Data items

******************************

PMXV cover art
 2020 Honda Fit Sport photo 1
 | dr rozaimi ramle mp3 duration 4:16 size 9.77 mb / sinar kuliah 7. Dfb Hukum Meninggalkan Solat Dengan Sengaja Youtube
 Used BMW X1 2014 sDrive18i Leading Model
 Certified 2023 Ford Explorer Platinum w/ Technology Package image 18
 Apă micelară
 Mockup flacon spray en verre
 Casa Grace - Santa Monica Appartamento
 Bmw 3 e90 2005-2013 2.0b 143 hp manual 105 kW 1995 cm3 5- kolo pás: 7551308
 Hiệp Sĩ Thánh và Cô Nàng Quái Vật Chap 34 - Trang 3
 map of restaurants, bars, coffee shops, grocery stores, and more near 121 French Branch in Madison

******************************

Work instruction =
Of the entries above, transcribe exactly those lines that fall between the line containing "2020 Honda Fit Sport photo 1" and the line containing "Casa Grace - Santa Monica Appartamento", together with those two lines.

Exercise answer =
 2020 Honda Fit Sport photo 1
 | dr rozaimi ramle mp3 duration 4:16 size 9.77 mb / sinar kuliah 7. Dfb Hukum Meninggalkan Solat Dengan Sengaja Youtube
 Used BMW X1 2014 sDrive18i Leading Model
 Certified 2023 Ford Explorer Platinum w/ Technology Package image 18
 Apă micelară
 Mockup flacon spray en verre
 Casa Grace - Santa Monica Appartamento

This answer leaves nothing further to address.